INSTRUCTIONS FOR THE TASK — Transcribe exactly the lines that fall between the one holding "GENERICO - Lámpara" and the one holding "Zeroassoluto-Maglia scollo v", inclusive, from the entries below.

DATASET ENTRIES —
┌──
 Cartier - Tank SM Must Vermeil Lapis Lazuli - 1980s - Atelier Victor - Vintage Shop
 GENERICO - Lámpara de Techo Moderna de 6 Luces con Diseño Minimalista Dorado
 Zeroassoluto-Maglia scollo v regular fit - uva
└──
┌──
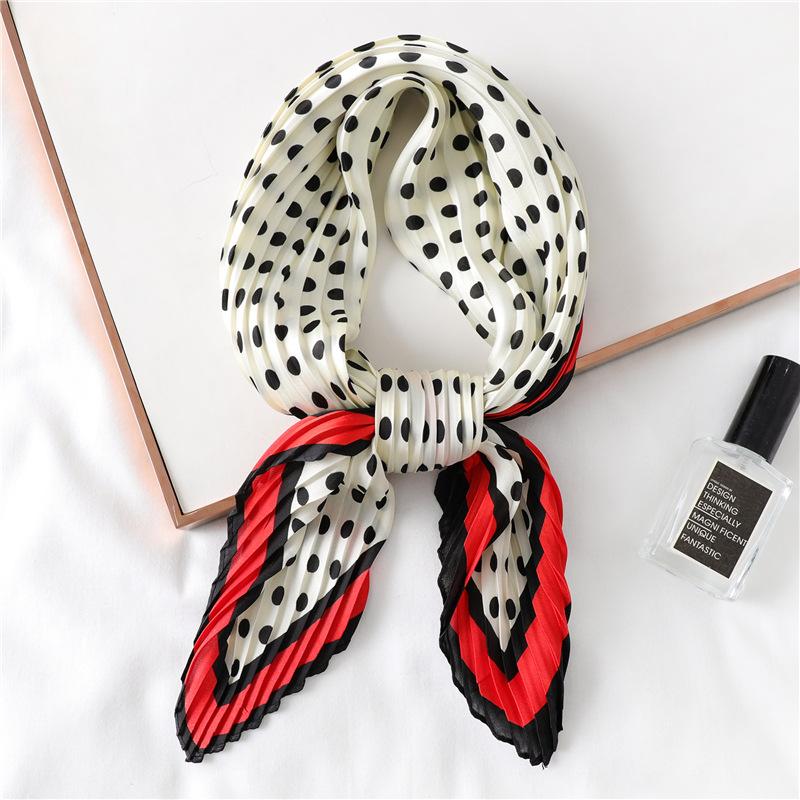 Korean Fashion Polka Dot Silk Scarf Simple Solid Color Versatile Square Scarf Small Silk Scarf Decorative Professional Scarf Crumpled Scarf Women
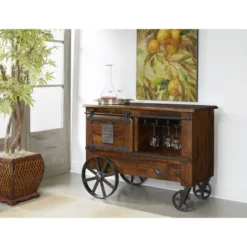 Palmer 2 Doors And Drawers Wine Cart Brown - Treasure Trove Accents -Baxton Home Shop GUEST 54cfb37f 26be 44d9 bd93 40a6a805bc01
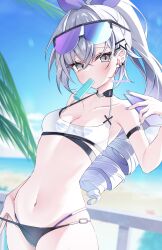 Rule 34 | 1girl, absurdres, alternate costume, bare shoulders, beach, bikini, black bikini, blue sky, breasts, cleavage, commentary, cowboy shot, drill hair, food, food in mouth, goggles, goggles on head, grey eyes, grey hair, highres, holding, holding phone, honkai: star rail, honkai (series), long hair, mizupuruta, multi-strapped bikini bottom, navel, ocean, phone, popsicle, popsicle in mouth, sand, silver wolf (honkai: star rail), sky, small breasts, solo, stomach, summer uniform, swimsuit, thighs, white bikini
└──
EXPECTED ANSWER —
 GENERICO - Lámpara de Techo Moderna de 6 Luces con Diseño Minimalista Dorado
 Zeroassoluto-Maglia scollo v regular fit - uva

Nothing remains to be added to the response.